**Records for the task:**
··········

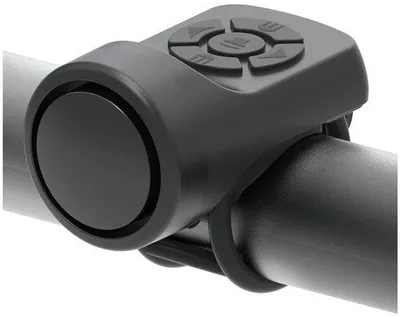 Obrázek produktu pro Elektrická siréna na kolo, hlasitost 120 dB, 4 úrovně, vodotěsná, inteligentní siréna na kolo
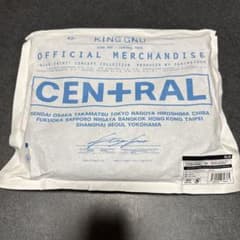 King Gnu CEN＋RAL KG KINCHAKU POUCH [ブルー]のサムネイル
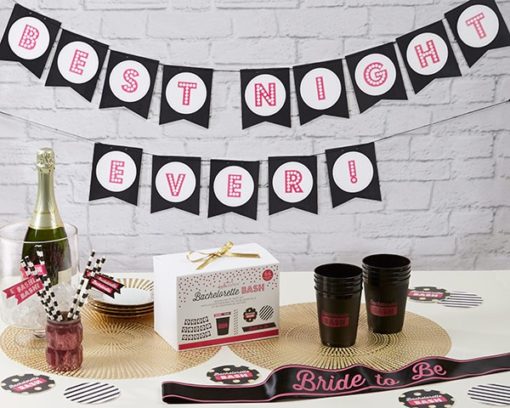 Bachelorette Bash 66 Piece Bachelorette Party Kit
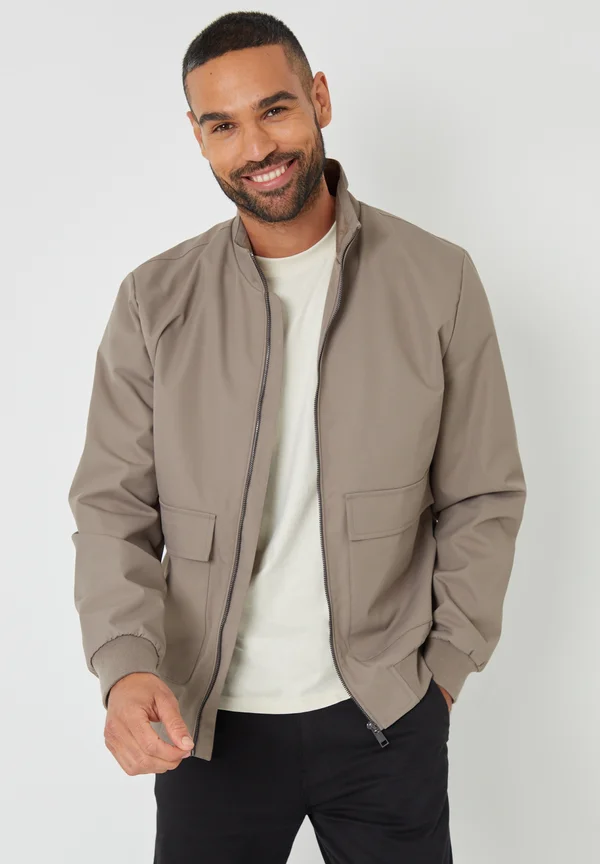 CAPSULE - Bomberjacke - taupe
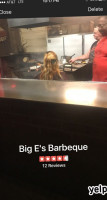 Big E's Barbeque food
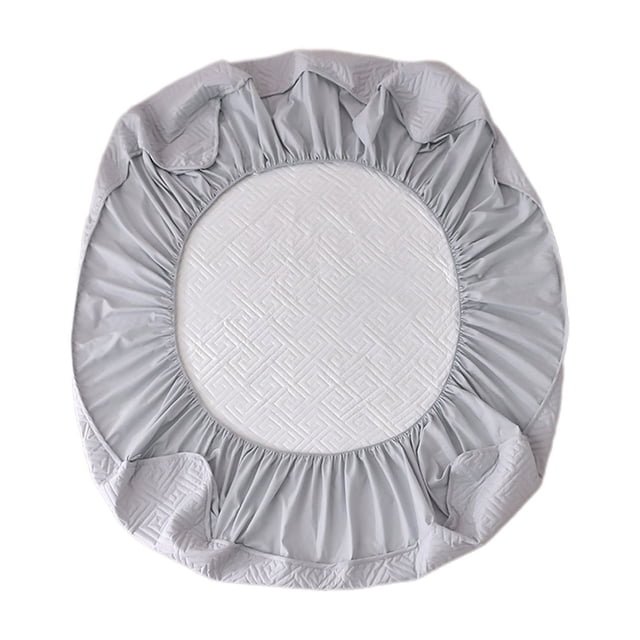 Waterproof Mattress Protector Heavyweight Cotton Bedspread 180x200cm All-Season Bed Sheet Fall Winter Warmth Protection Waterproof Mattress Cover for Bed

··········

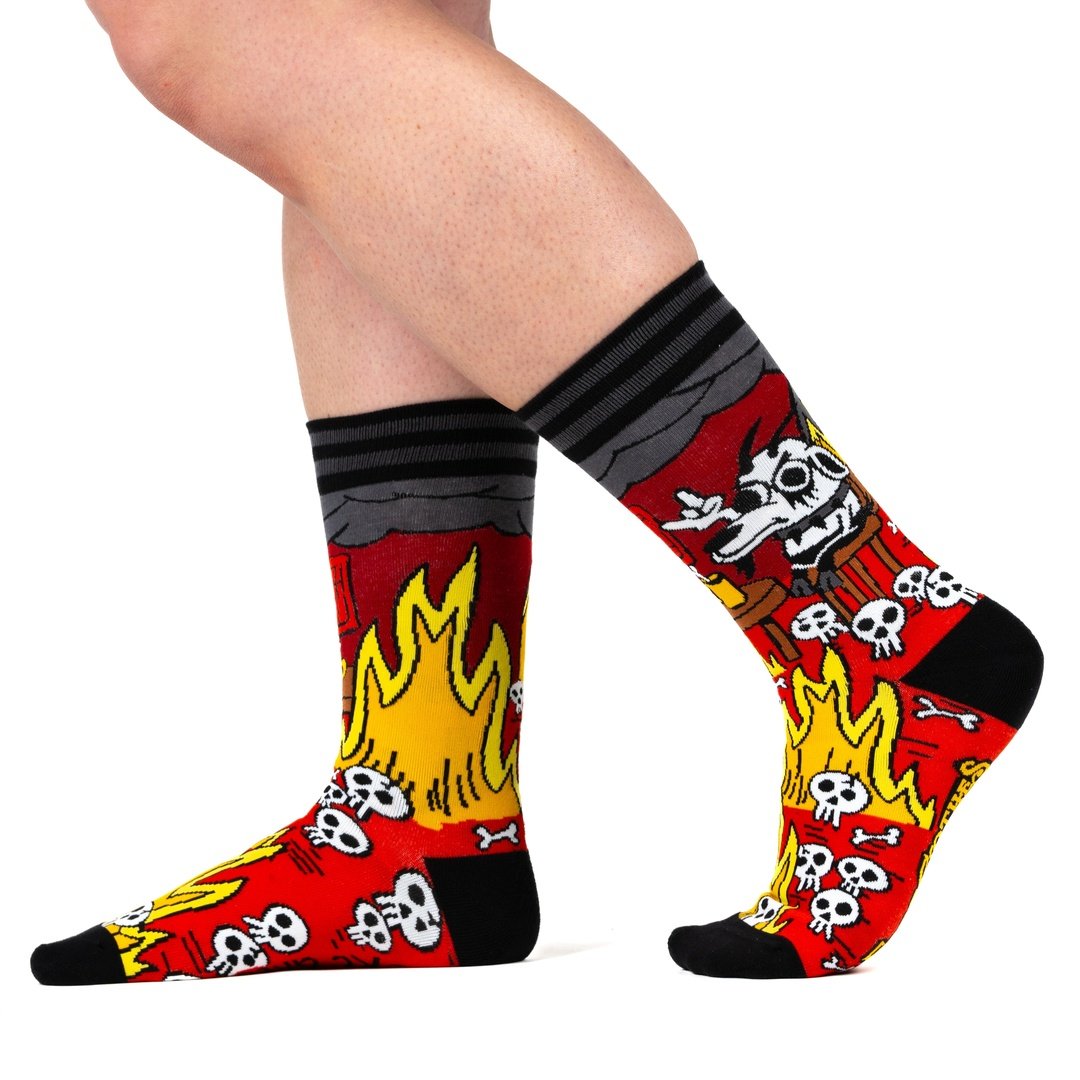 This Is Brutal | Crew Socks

··········

**What is being asked:** Take the material above and output only the lines from the one that contains "Obrázek produktu pro" through the one that contains "Waterproof Mattress Protector", ends included and images left out.

**Written response:**
 Obrázek produktu pro Elektrická siréna na kolo, hlasitost 120 dB, 4 úrovně, vodotěsná, inteligentní siréna na kolo
 King Gnu CEN＋RAL KG KINCHAKU POUCH [ブルー]のサムネイル
 Bachelorette Bash 66 Piece Bachelorette Party Kit
 CAPSULE - Bomberjacke - taupe
 Big E's Barbeque food
 Waterproof Mattress Protector Heavyweight Cotton Bedspread 180x200cm All-Season Bed Sheet Fall Winter Warmth Protection Waterproof Mattress Cover for Bed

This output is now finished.